Extrachromosomal replication of DNA

EXTRACHROMOSOMAL REPLICATION OF DNA LUBNA S SUBAIR M.Sc.Biotechnology CUSAT

contents Extrachromosomal DNA Prokaryotic extrachromosomal DNA Plasmid Replication mechanisms Eukaryotic extrachomosomal DNA Mitochondria Replication mechanism Chloroplast Replication mechanism

Extrachromosomal DNA Extrachromosomal DNA is any DNA that is found off the chromosomes, either inside or outside the nucleus of a cell. Most DNA in an individual genome is found in chromosomes contained in the nucleus. The extrachromosomal DNA exist and serve important biological functions . In prokaryotes, nonviral extrachromosomal DNA are primarily found in plasmids whereas in eukaryotes extrachromosomal DNA are primarily found in organelles . In prokaryotes,it occurs outside the nucleoid region as circular or linear plasmids. Bacterial plasmids are typically short sequences, consisting of 1 kilobase (kb) to a few hundred kb segments, and contain an origin of replication which allows the plasmid to replicate independently of the bacterial chromosome. The total number of a particular plasmid within a cell is referred to as the copy number and can range from as few as two copies per cell to as many as several hundred copies per cell. Mitochondrial DNA are a main source of this extrachromosomal DNA in eukaryotes .

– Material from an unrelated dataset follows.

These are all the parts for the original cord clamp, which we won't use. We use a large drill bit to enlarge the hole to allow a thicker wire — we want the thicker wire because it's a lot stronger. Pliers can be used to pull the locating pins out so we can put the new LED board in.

Extrachromosomal DNA in the cytoplasm have been found to be structurally different from nuclear DNA. Cytoplasmic DNA are less methylated than DNA found within the nucleus. In addition to DNA found outside the nucleus in cells, infection of viral genomes also provides an example of extrachromosomal DNA. Extrachromosomal DNA are often used in research of replication because they are easy to identify and isolate.

PLASMID Plasmids are small, circular, double stranded, few kilo base self-replicating extra DNA fragments commonly recognized in different gram negative and positive bacterial strains as well as in some fungi including unicellular yeasts They are capable of self replication independent of the host genome. Though plasmids are not required for survival of a living organism it encodes essential genetic determinants that enable an organism to adapt and resist unfavourable conditions for better survival . Most of them are covalently closed circular double-stranded DNA molecules, recently linear plasmids have been isolated from different bacteria. Their existence was initially revealed as the "F factor" in Escherichia coli even before the double-helix structure of DNA was elucidated by Watson and Crick.

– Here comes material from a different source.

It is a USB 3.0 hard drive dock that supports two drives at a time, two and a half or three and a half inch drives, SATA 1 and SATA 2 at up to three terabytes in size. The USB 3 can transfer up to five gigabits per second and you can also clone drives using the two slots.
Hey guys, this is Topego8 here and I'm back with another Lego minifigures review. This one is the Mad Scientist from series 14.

REPLICATION Several host- and plasmid-encoded factors are required for plasmid replication. Plasmid replicons consists of one or more origin of replication ( ori ) and few regulatory elements such as Rep proteins , localized in the 4 kilo base region of the DNA fragment. In addition, most plasmid replicons harbor a gene encoding either a protein or an RNA molecule that functions as a primer for DNA replication . It was reported that many plasmid origins follow a molecular mechanism similar to ori C , the origin of replication of the E. coli chromosome. However, the major difference is that plasmids require an origin-specific plasmid-encoded protein for the initiation step, generally called Rep proteins . Rolling circle, Col E1 type and iteron-containing replicons are the common modes through which plasmid replicates, each mechanism with unique significance to the organism.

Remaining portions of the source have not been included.